Administratively, Bila Tserkva is incorporated as a town of oblast significance. It also serves as the administrative center of Bila Tserkva Raion (district), though administratively it does not belong to the raion.

History

The town was founded in 1032 as Yuriiv by Yaroslav the Wise, whose Christian name was Yuri. The present name of the city, literally translated, is "White Church" and may refer to the (no longer existing) white-painted cathedral of medieval Yuriiv. Since 1363 it belonged to the Grand Duchy of Lithuania, and since 1569 to the Polish-Lithuanian Commonwealth, administratively in the Powiat of Kiev, part of Lesser Poland. It was crown property, but in recognition of his great service, it was granted to the Castellan of Kraków, Janusz Ostrogski. The next owner was Stanisław Lubomirski (1583–1649) and during his time the town was granted Magdeburg Rights by Sigismund III Vasa in 1620.

After subduing the rebellious Cossacks in the 1626 Battle of Bila Tserkva, the next owner of the estate was prince Jerzy Dymitr Wiśniowiecki. The castle was successfully taken by Bohdan Chmielnicki in 1648. The Battle of Bila Tserkva (1651) led to the signing of a peace accord with the cossacks. The Treaty of Bila Tserkva between the Polish-Lithuanian Commonwealth and Ukrainian Cossack rebels under Bohdan Khmelnytsky was signed here in 1651.[4] In 1666 6,000 Muscovite troops laid siege to Bila Tserkva. The stand off lasted until the following year when Polish reinforcements led by Jan Stachurski with the aid of allied cossacks and Iwan Brzuchowiecki smashed Petro Doroshenko's stranglehold.

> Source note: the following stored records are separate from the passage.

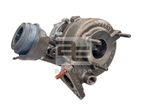 Turbolader für Audi A4 B7 Avant – OE 03G145702L – neu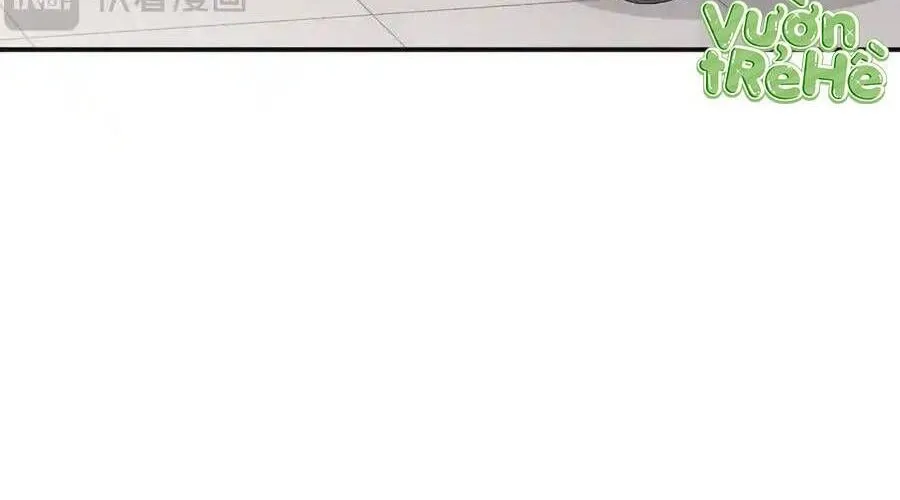 Trung Khuyển Công Lược Chap 21 - Next Chap 22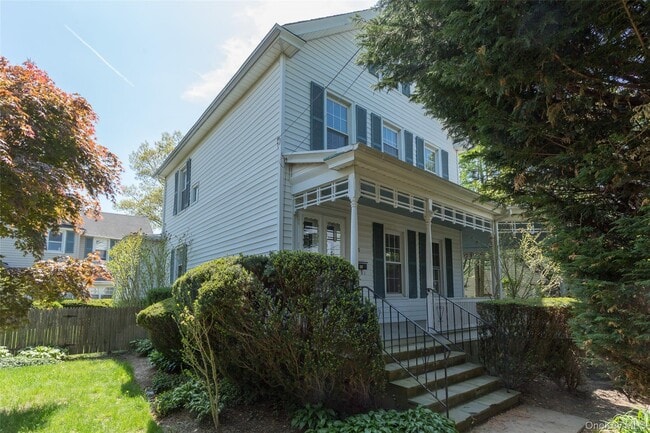property at 75 12th Ave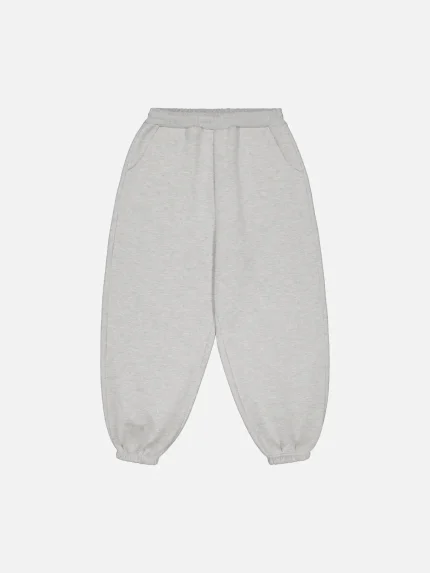 Sweats Collective Cozy Sweatpant Arctyc (7)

The subsequent owner was Great Crown Hetman Stanislaw Jan Jablonowski. In 1702 the castle was taken by the cossack leader, Semen Paliy who made it his domain. In 1708 the town was overrun by prince Golitsyn's[disambiguation needed] Russian army. The next owner of the town was Jan Stanislaw Jablonowski, then Stanisław Wincenty Jabłonowski who erected a catholic church. After him ownership passed to Jerzy August Mniszech. The town was substantially refortified.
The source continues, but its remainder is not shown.